Shatner se inspirou nos pregadores religiosos que anunciavam sucesso
e dinheiro rápido vendendo a felicidade a muitos incautos
bem-intencionados através da televisão. Tudo isso poderia
funcionar bem se estivesse relacionado à profunda amizade entre
Kirk, Spock e McCoy. Este filme não poderia ser a continuação
criada desde o filme II; o desdobramento teria de ser interrompido,
dando lugar a uma nova trama que fala da busca do homem pelo Paraíso
e por seu criador.
Esta busca pode ser equivocada, pois a felicidade e a presença
divina estão de fato no coração humano, pois, cada um de nós,
indivíduo e sociedade, cria uma imagem própria de Deus de acordo
com nossas aspirações e padrões culturais (a origem desta idéia
no mundo moderno está na afirmação do pensador alemão Ludwig
Feuerbach de que, ao contrário do que se diz, "o homem cria
Deus à sua imagem e semelhança").
Shatner
fincou o pé para que Harve Bennett permanecesse na produção
executiva. Houve uma certa relutância porque Bennett se
desentendera seriamente com Leonard Nimoy, mas acabou topando a
parada. Ele chegou até mesmo a fazer uma ponta no filme,
interpretando o almirante que dá a ordem da missão da Enterprise:
livrar o Planeta da Paz Galática (Nimbus III) do domínio de um líder
rebelde chamado Sybok, que tomou o controle da população e de
representantes do Império Klingon, do Império Romulano e da Federação.

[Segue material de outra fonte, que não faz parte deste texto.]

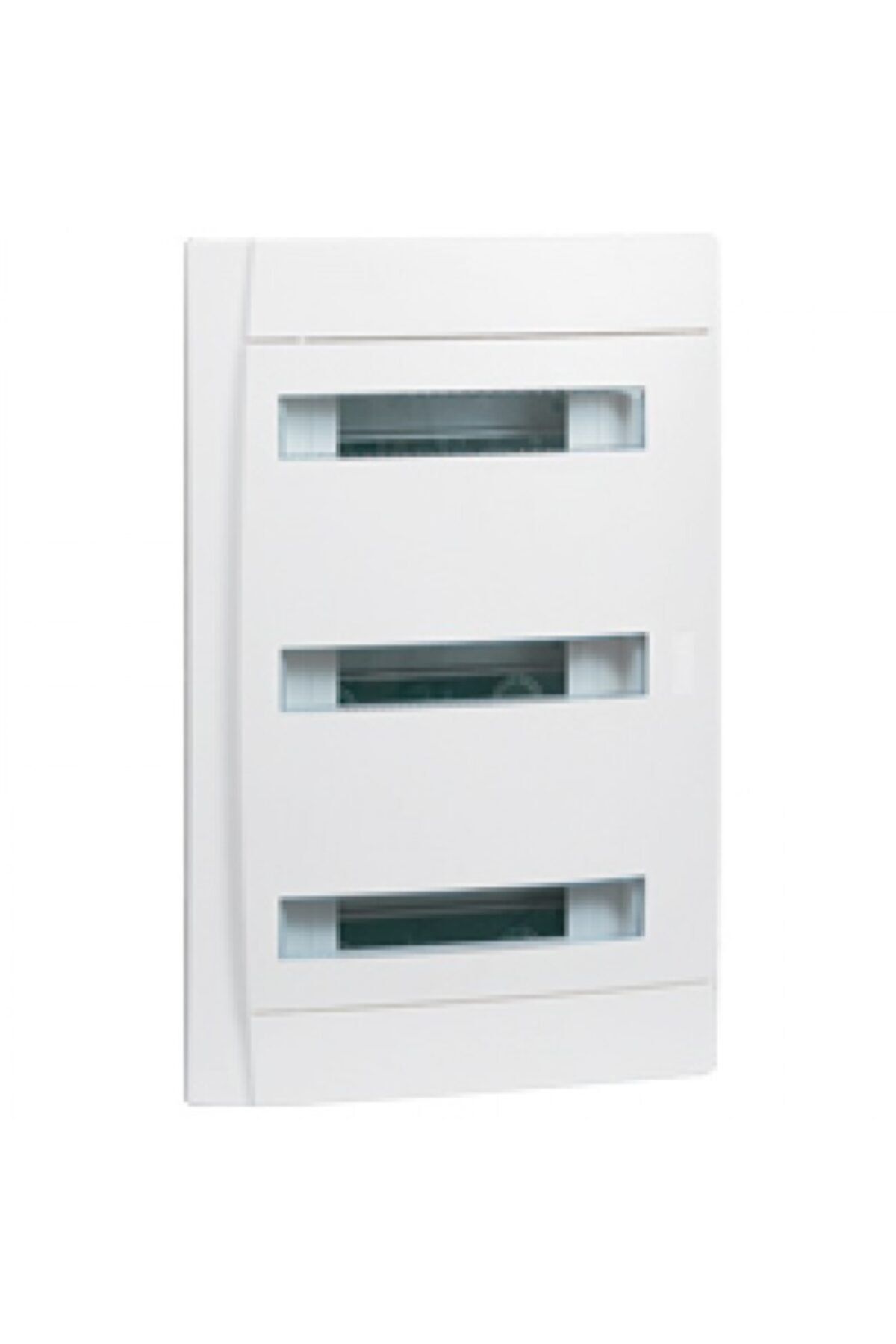 Legrand 3x12 m Sıva Altı Sigorta Kutusu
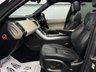USED 2014 F LAND ROVER RANGE ROVER SPORT 3.0 SD V6 HSE Dynamic SUV 5dr Diesel Auto 4WD Euro 5 (s/s) (292 ps)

Até que o roteiro ficasse pronto, muito se mexeu e acrescentou.
Shatner confessou que sua autoria é somente até a primeira metade
do filme. Gene Roddemberry subiu nos tamancos quando soube da
sinopse, porque era contra ver sua obra tratar de um tema tão sensível
para a audiência. Poderia criar muita confusão, pois há vários
credos religiosos e muitos tipos de deuses; daí, as pessoas
ficariam ofendidas por terem ou não terem sido citadas em sua
doutrina espiritual.
E
ainda, apresentar a tripulação da Enterprise como um bando de
idiotas seria o fim de tudo o que ele criou. Deep Space Nine
recebeu crítica semelhante por muita gente quando foi criada por
Rick Berman, às custas da herança de Jornada nas Estrelas.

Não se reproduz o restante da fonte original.